◆ REQUIRED WORK
Look below for the line with "Vintage two strand"; begin the copy there and stop after the line with "Grain of the wheat in bags and a bowl", keeping the text exact and the pictures out.

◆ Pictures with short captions
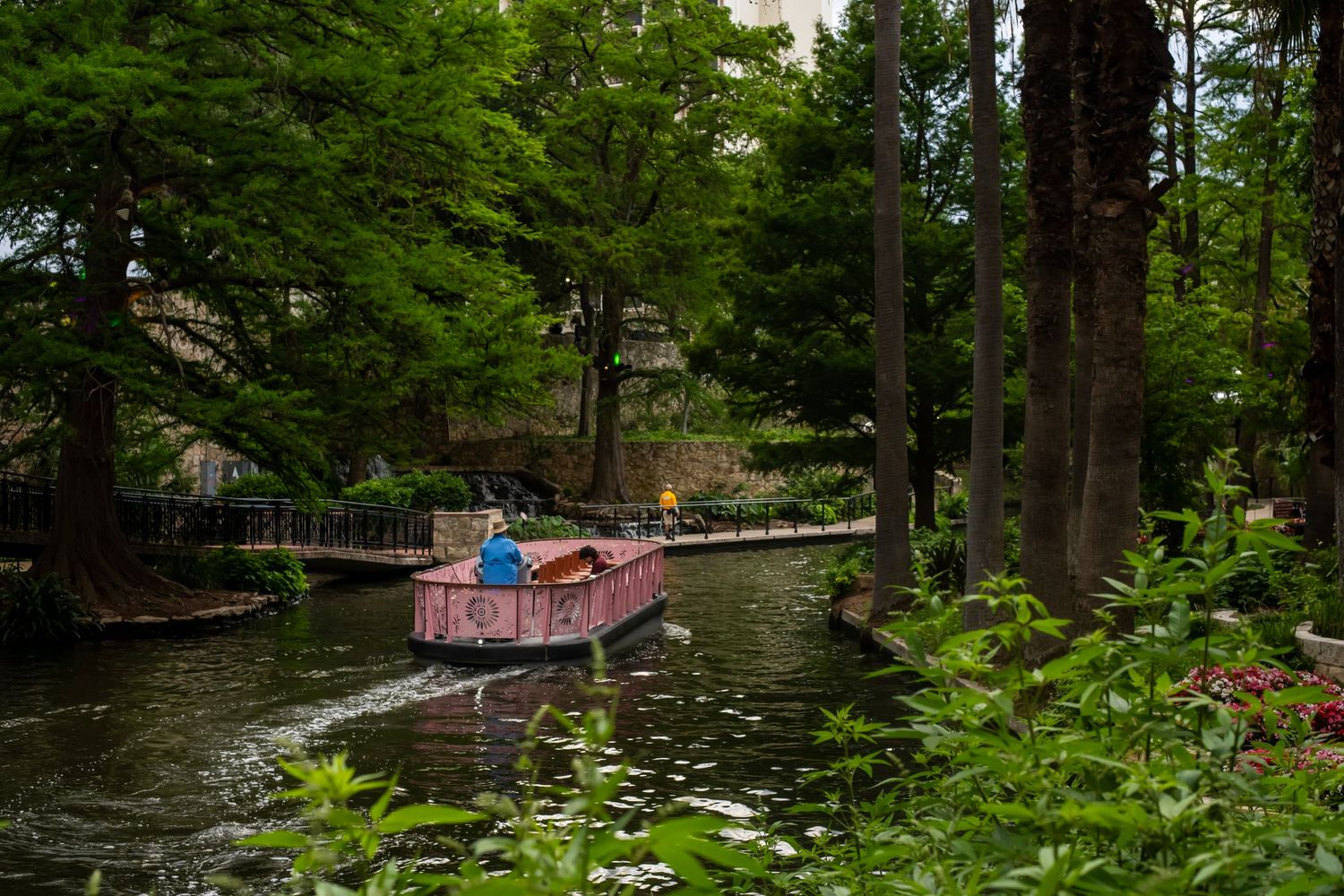 A pink boat glides through a lush green canal surrounded by tall trees in a scenic park waterway.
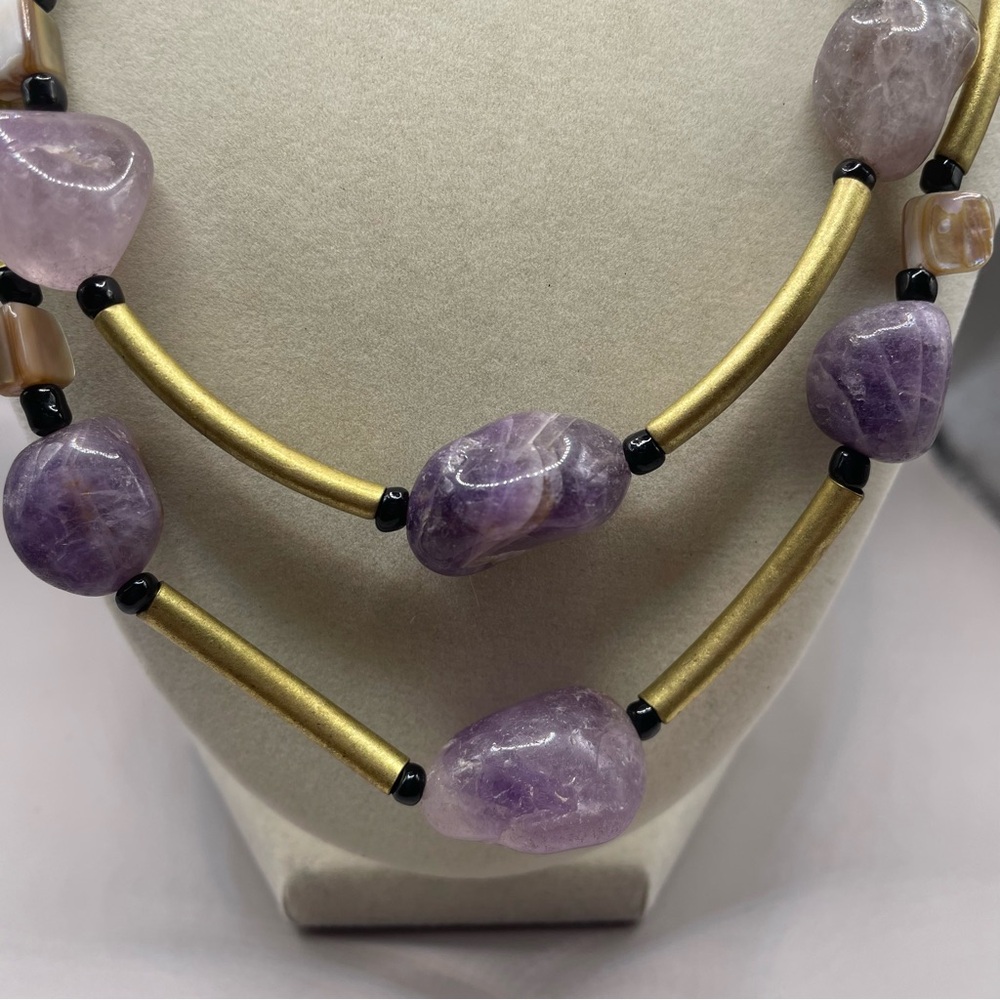 Vintage two strand purple stone and brass tone necklace. 22 inches. Colorful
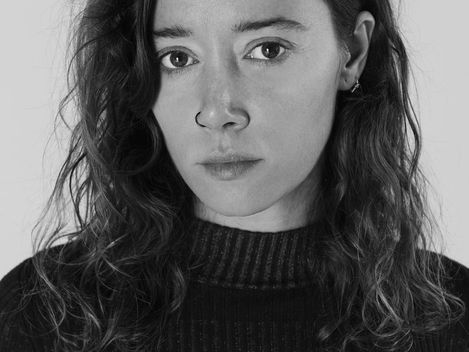 Person with shoulder-length wavy hair and earring wearing a black turtleneck sweater.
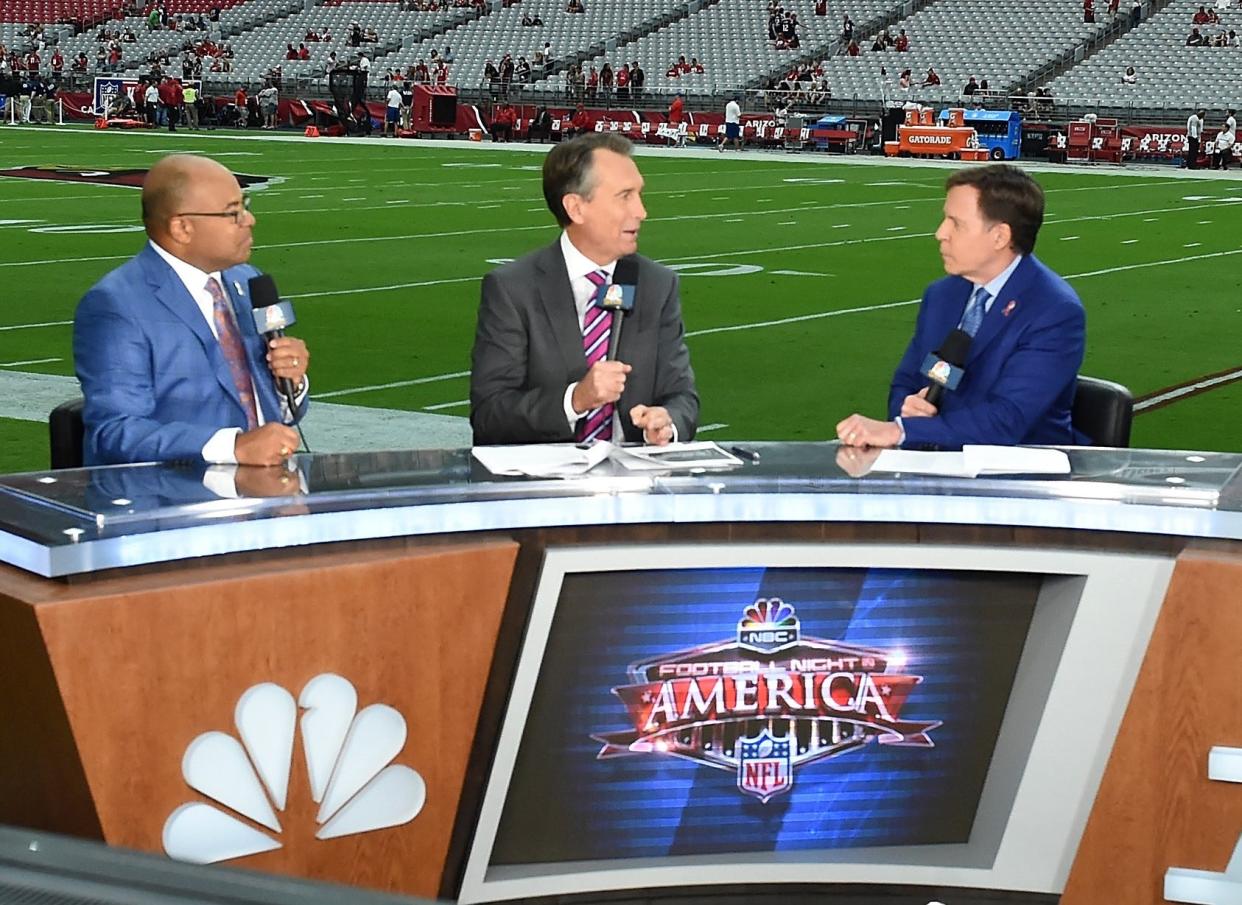 Sunday Night Football commentators Mike Tirico, Cris Collinsworth and Bob Costas report prior to the NFL game between the New England Patriots and Arizona Cardinals at University of Phoenix Stadium on September 11, 2016 in Glendale, Arizona. Collinsworth attended Astronaut High in Titusville before playing with the Florida Gators and Cincinnati Bengals.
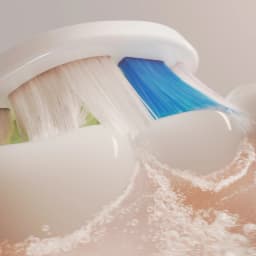 Tête de Brosse à Dents Philips Sonicare Optimal White Pack 6 HX6066/87, gros plan: soies blanches et bleues en action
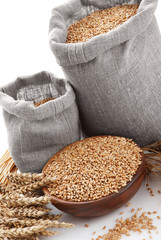 Grain of the wheat in bags and a bowl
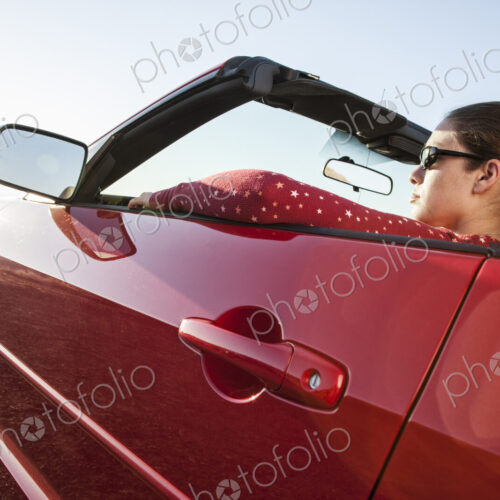 A young Caucasian woman in a convertible sports car. A young Caucasian woman in a convertible sports car.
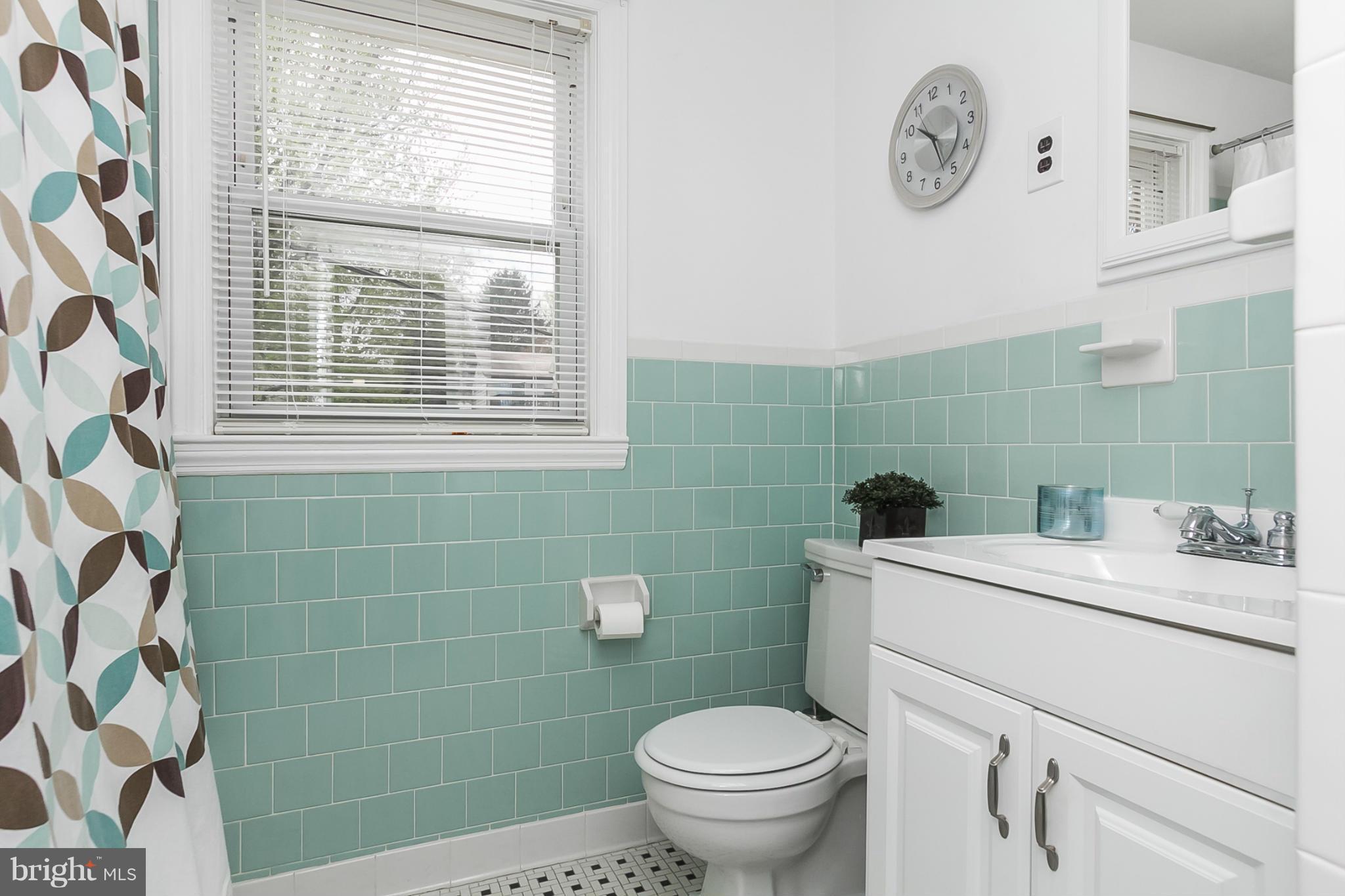 1156 Newfield Road Baltimore, MD 21207 - Photo 16 of 23 a bathroom with a sink a toilet and a mirror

◆ RESULT FOR THIS EXERCISE
 Vintage two strand purple stone and brass tone necklace. 22 inches. Colorful
 Person with shoulder-length wavy hair and earring wearing a black turtleneck sweater.
 Sunday Night Football commentators Mike Tirico, Cris Collinsworth and Bob Costas report prior to the NFL game between the New England Patriots and Arizona Cardinals at University of Phoenix Stadium on September 11, 2016 in Glendale, Arizona. Collinsworth attended Astronaut High in Titusville before playing with the Florida Gators and Cincinnati Bengals.
 Tête de Brosse à Dents Philips Sonicare Optimal White Pack 6 HX6066/87, gros plan: soies blanches et bleues en action
 Grain of the wheat in bags and a bowl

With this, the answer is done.